Hedging– strategy where an individual or group opens multiple accounts and initiates opposing trades on the same asset across all accounts. 

Quick Strike Method– high-speed trading strategy where traders capitalize on short-lived market movements by executing numerous trades in a brief period. 

Pass you challenge– manage other individuals’ trading challenge accounts, with the goal of passing the evaluation phase and securing funding on behalf of the account owner. 

All or Nothing Trading- Completing the phase with one or very few trades solely to hit the profit target. Second, using oversized or high-risk positions to artificially meet requirements. Third, showing no consistent strategy, risk management or trading pattern.

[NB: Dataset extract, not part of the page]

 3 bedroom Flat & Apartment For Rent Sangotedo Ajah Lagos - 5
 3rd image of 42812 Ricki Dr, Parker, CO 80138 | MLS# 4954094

Hyperactivity- account can be categorized as hyperactive when it exceeds 200 trades and generates more than 2,000 server messages in a single day 

The logic behind this list is straightforward. These strategies do not reflect genuine trading skill. They exploit price feed delays, use extreme leverage patterns, or manipulate the evaluation environment. None of them has anything to do with reading the market and placing well-reasoned trades.

News trading, by contrast, is exactly what real traders do. Upcomers recognize that and treat it accordingly.


What the Platform Actually Offers

Beyond news trading, here is a clear picture of what the firm provides:

  • Up to 99% profit split on funded accounts
  • Processes approved payouts within 24 hours of receiving the payout details. 
  • $10 million in cash reserves set aside specifically for payouts
  • Payout methods vary and may include IBAN transfers, crypto withdrawals, and external payment processing. 
  • Available support 24/7 from real people
  • Multiple trading platforms, including MT5(Upcomers Ltd.),TradeLocker and Bybit
  • Access to forex, stocks, commodities, indices, and crypto

Legal Structure

The firm holds a real license, ROYAL FLOW FZCO, with License No. 35886, and operates out of Dubai Silicon Oasis with an additional office in Prague. It is not an anonymous website. It is a registered company with a physical presence.

The scaling plan lets traders start with up to $1,000,000 and scale all the way to $4,000,000 as they prove consistency. The challenge options cover everything from a single phase to a five-phase structure, plus instant funding for traders who do not need an evaluation at all.

Most Prop Firms Lose Traders: Upcomers Keeps 40% Coming Back

One thing that stands out is this: Many traders on the platform return for additional challenges and continued trading. In an industry where most firms lose customers after one bad experience, that says a lot. It means traders are getting funded, getting paid, and choosing to do it again.

Over 65,000 traders across more than 175 countries have joined the platform. Total payouts have crossed over $6,000,000. The single highest payout recorded stands at $79,833.

How Upcomers Stands Out in Prop Trading

For traders who use news events as part of their strategy, the choice of a prop firm matters a lot. A firm that bans news trading is not just inconvenient. It actively blocks a legitimate and profitable approach to the market. 

In 2026, news trading policies continue to be a major differentiator among prop firms. While many firms impose restrictions around high-impact events to limit risk exposure,others have adopted more flexible frameworks that permit trading during the news with defined risk controls. Upcomers is among the firms that allow news trading under specific guidelines which means traders can incorporate fundamental events into their strategies without an automatic rule violation.

The key distinction lies in clarity: traders benefit most when a firm clearly outlines what is permitted, how risk is managed during volatile periods, and what conditions apply to profits made around news releases. For traders evaluating prop firms, understanding these details is essential not just for compliance but for aligning a firm’s rules with your actual trading style. Upcomers approach reflects a broader shift in the industry toward transparency and trader choice, making news policy an important factor to review before choosing a firm.

If you are a trader who wants to trade the market on your own terms, without arbitrary restrictions around the events that move prices the most, this is a platform worth taking seriously.